Recent evidence suggests that there exists a close link between type 2 diabetes mellitus and Parkinson’s disease. It has been shown that the risk of developing Parkinson’s disease is 35% higher in type 2 diabetes mellitus patients.1 Furthermore, patients with both Parkinson’s disease and diabetes have a worse prognosis in terms of motor and cognitive function.2,3 Since the two diseases potentially share one common mechanism, both resulting from protein aggregation caused by dysregulation of cellular clearing systems, Seong Ho Jeong, et al. (Department of Neurology, Yonsei University College of Medicine, South Korea) recently hypothesized that some treatments for diabetes may also have a positive effect on patients with Parkinson’s disease.4
A new lead – a hypoglycaemic agent with neuroprotective properties
Dipeptidyl peptidase-4 inhibitors (DPP4i) are widely used potent hypoglycaemic agents that improve glucose metabolism.
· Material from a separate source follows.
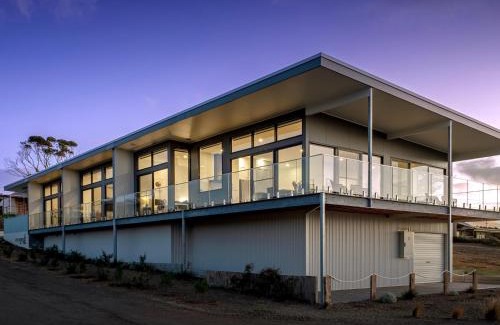 Penneshaw Apartment | Cove Landing Marina Apartments CL02-Apt:1,2 Sleeps 8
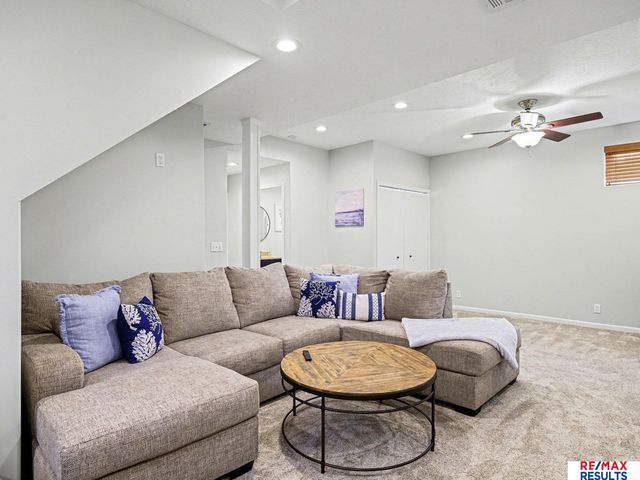 8603 Pine Court, Plattsmouth, NE 68048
Their neuroprotective properties, mostly exerted via pleiotropic effects, have lately gained researcher’s interest, and a case‑control study already showed that DPP4i treatment decreased the risk for Parkinson’s disease.5 Hence, Dr Jeong and his team decided to investigate the protective effects of DPP4i on the nigrostriatal dopamine system in diabetic and non‑diabetic patients with de novo Parkinson’s disease.4
Potential effect on nigrostriatal dopamine system
To test the hypothesis that DPP4i confers protective effects on the nigrostriatal dopamine system, the researchers performed a comparative analysis of striatal dopamine transporter (DAT) availability and clinical parameters of longitudinal disease progression. 4 To that end, a total of 697 drug-naïve patients with de novo Parkinson’s disease who had previously undergone DAT imaging were retrospectively divided into three groups: diabetic patients with (n=54) or without (n=85) DPP4i treatment and non-diabetic patients (n=558).
Parkinson’s patients benefit from diabetic treatment
The team around Dr Jeong could show that diabetic Parkinson’s patients with DPP4i treatment had a higher baseline DAT availability in the anterior, posterior and ventral putamina compared with the diabetic patients without DPP4i treatment. 4 In addition, DPP4i-treated patients showed a slower longitudinal increase in the levodopa-equivalent dose (LED) compared to the two other groups after adjusting for confounding factors like disease duration, vascular factors, total white matter hyperintensities (WMH) and baseline DAT availability in the posterior putamen. DPP4i treatment also led to a lower risk of developing levodopa-induced dyskinesia (LID) in comparison to diabetic patients without DPP4i treatment.
Potential use for non-diabetic Parkinson’s patients
These new findings suggest that DPP4i therapy might have beneficial effects on the baseline striatal dopamine depletion and on long-term motor outcomes in patients with both Parkinson’s disease and diabetes. 4 The results implicate an important function of DPP4i treatment: counteracting the detrimental effect of diabetes mellitus on nigrostriatal dopaminergic neurons. Additionally, the positive effects on nigral dopaminergic neurons and longitudinal motor performance point towards a potential use of DPP4i for non-diabetic patients with Parkinson’s disease. However, further studies with larger patient sample sizes will be needed to draw more solid conclusions in the future.